Let us consider an infinite plane sheet of charges with uniform surface charge density `sigma`. Let P be a point at a distance r from the sheet.
Since the plane is infinitely large, the electric field should be same at all points equidistant from the plane and radially directed at all points.
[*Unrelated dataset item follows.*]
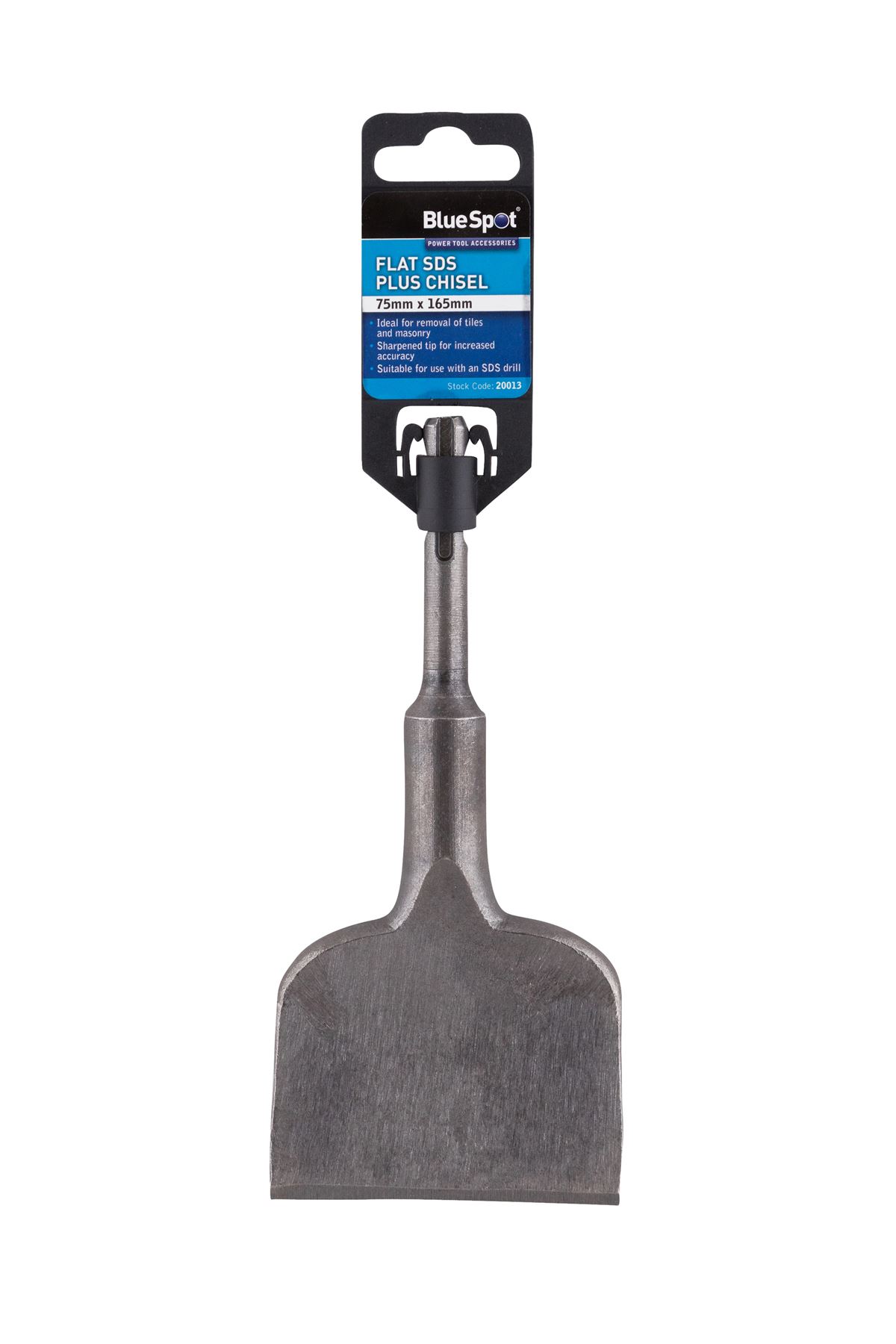 Blue Spot Tools SDS 平鑿 75毫米 x 165毫米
A cylindrical shaped Gaussian surface of length 2r and area A of the flat surfaces is chosen such that the infinite plane sheet passes perpendicularly through the middle part of the Gaussian surface.
Applying Gauss law for this cylindrical surface,
`phi_E = oint vecE.dvecA`
`= int vecE.dvecA + int vecE.dvecA + int vecE.dvecA`
`Q_(encl)/epsilon_0`
The electric field is perpendicular to the area element at all points on the curved surface areas at P and P.. Then,
`phi_E = int E.dA + int E.dA = Q_(encl)/epsilon_0`
Since the magnitude of the electric field at these two equal sufaces is uniform, E is taken out of the integration and `Q_(encl)` is given by `Q_(encl) = sigmaA`, we get
`2EintdA = (sigmaA)/epsilon_0`
The total area of surface either at P or P.
`int dA =A`
Hence `2EA = (sigmaA)/epsilon_0 " (or) " E = sigma/(2epsilon_0)`
In vector from `vecE = sigma/(2epsilon_0)hatn` ...(1)
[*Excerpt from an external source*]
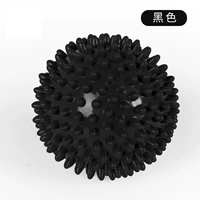 Черный массажный мяч, 7см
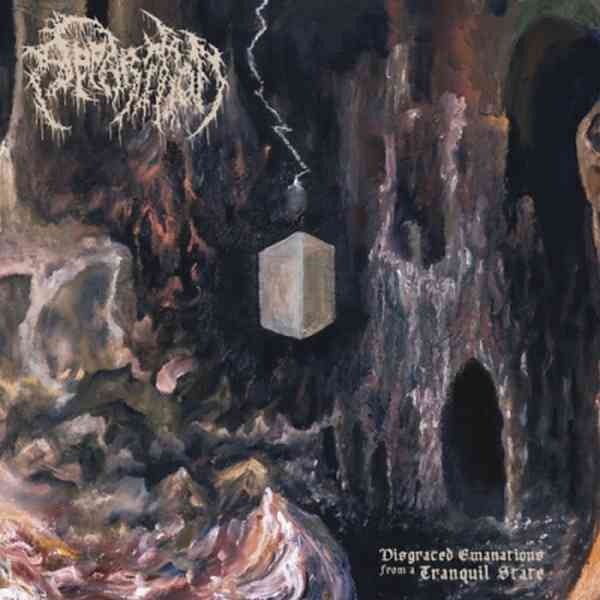APPARITION (US Death Metal) / DISGRACED EMANATIONS FROM A TRANQUIL STATE<VINYL>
Here `hatn` is the outward unit vector normal to the phase. It is noted that the electric field due to an infinite plane sheet of charge depends on the surface charge density and is independent of the distance r.
The electric field will be the same at any point farther away from the charged palne. It is implied from equation (1) that if `sigma gt 0` the electric field at any point P is outward perpendicular `hatn` to the plane and if `sigma lt 0` the electric field poiints inward perpendicularly `(-hatn)`to the plane.
For a finite charged plane sheet, equation (1) is approximately true only in the midle region of the plane and at points far away from both ends.